Last year, the General Assembly voided pre-incident waivers of liability as being contrary to public policy in cases of child sexual abuse. But when Doe’s grandfather signed a membership agreement on her behalf in 2014, the club’s waiver indicated that members would assume “all risks of injuries” that they may suffer from use of the facilities and activities.

Between August 2016 and February 2017, tennis instructor Milos Koprivica allegedly sexually assaulted Doe at the club and on out-of-state trips. Court records show Koprivica pleaded guilty in 2017 to child abuse and sexual exploitation of a child, receiving 10 years in prison.

Doe and her mother then sued Wellbridge, largely alleging the company was negligent. In response, the club argued the waiver in the membership agreement prohibited their claims. Denver District Court Judge J. Eric Elliff agreed with Wellbridge, finding Doe had released the club from liability for injuries in connection with athletic activities and facilities.

“Plaintiff’s injuries did arise from the fact that she availed herself of the Club’s tennis coaching services,” he wrote.

On appeal, Doe contended the waiver did not specifically address the risk of sexual assault by club employees.

“Sexual assault is not an activity related to tennis. Tennis is an activity related to tennis,” attorney Dean Batchelder told the appellate panel.

The judges, in turn, were sympathetic to that argument.

“A sprained ankle or some other tennis-related injury,” observed Judge Craig R. Welling, “is the sort of thing you would expect to be within the scope of the risk.”

“Are you stating on behalf of the club that sexual abuse is an activity associated with tennis lessons?” Navarro pressed Wellbridge’s attorney.

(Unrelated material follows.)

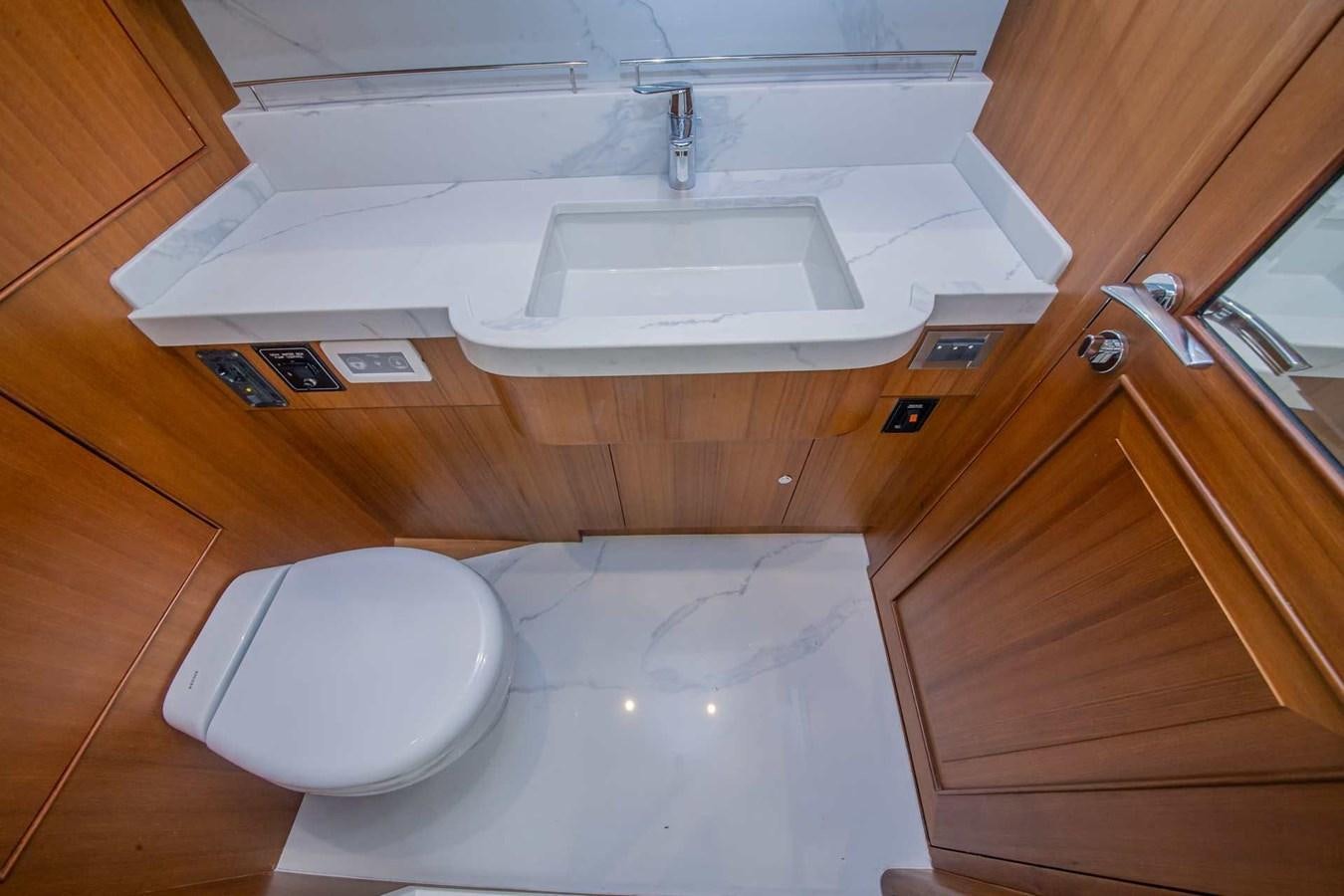 a bathroom with a sink and a toilet aboard 2024 SELENE 62 Yacht for Sale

Mark T. Barnes, representing Wellbridge, responded that the only allegation of misconduct at the club itself was Koprivica kissing Doe.

“That is a sexual assault on the premises,” interjected Judge Sueanna P. Johnson. “The question is – is that a foreseeable risk that when you get tennis lessons at the athletic club, you might be kissed by your coach unwantedly?”

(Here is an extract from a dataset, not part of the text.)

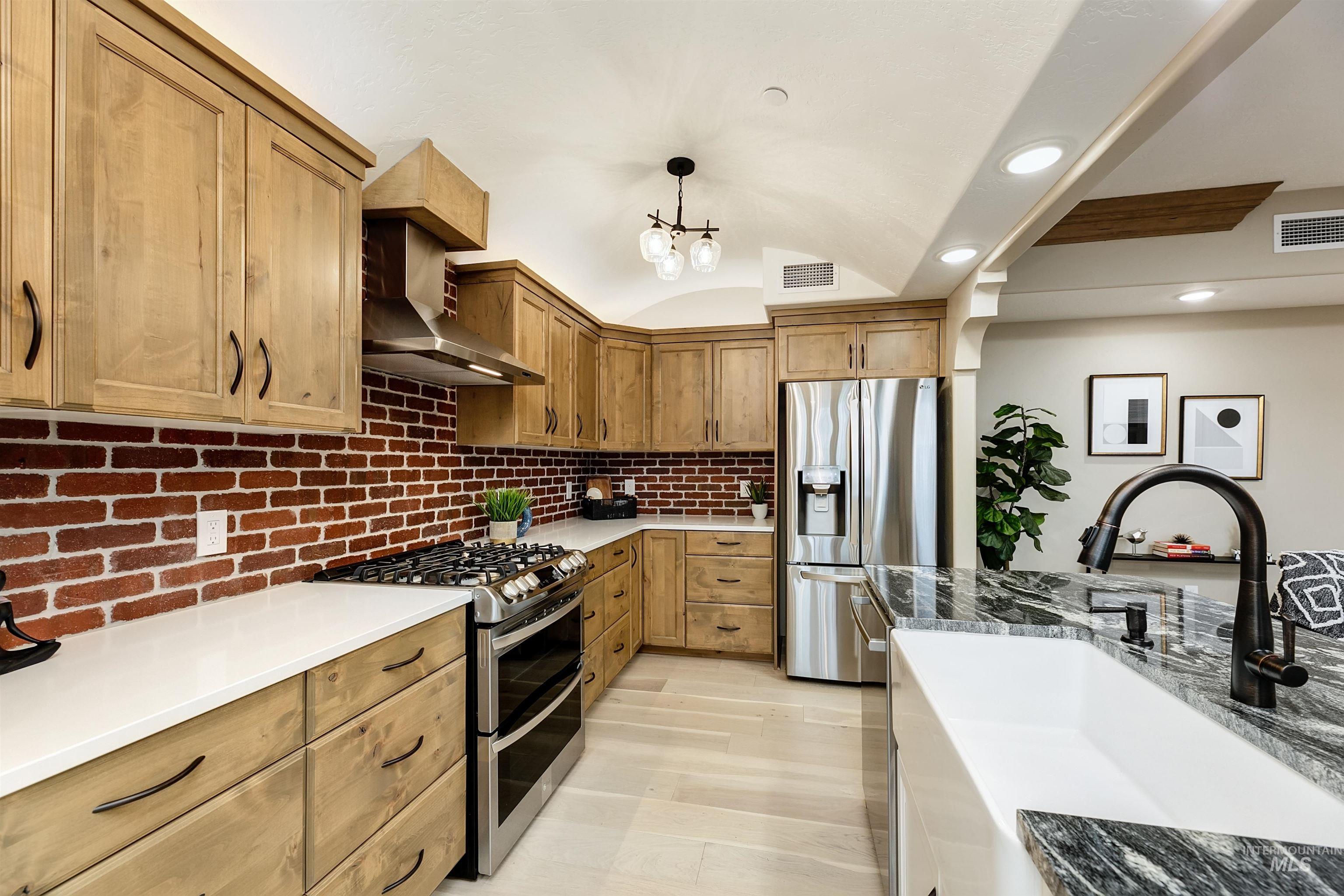 79 West Aikens Road, Unit 203 Eagle, ID 83616 - Photo 16 of 41 Kitchen with stainless steel appliances, light stone counters, a barrel ceiling, hanging light fixtures, and wood finish cabinetry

“I think there’s a difference between knowing that a risk exists, no matter how small, and being foreseeable in terms of the likelihood of it happening,” Barnes told her, adding that Doe had taken tennis lessons elsewhere for years before coming to the Monaco facility.

“And had she been sexually abused at those clubs like she was at Wellbridge?” asked Navarro.

She had not, said Barnes.

The panel ultimately concluded the waiver did not unambiguously express an intent to extinguish sex abuse-related claims against the club. Clear intent is one of the factors the Colorado Supreme Court has recognized for determining if liability waivers are valid.

Wellbridge “created a substantial likelihood that a reader would fail to recognize the full extent of the release provision – specifically, that it could apply to the risk of a Club employee’s sexual abuse of a Club member,” Navarro explained.

The panel returned the lawsuit to the trial court for further proceedings.

The case is Mother Doe et al. v. Wellbridge Club Management LLC.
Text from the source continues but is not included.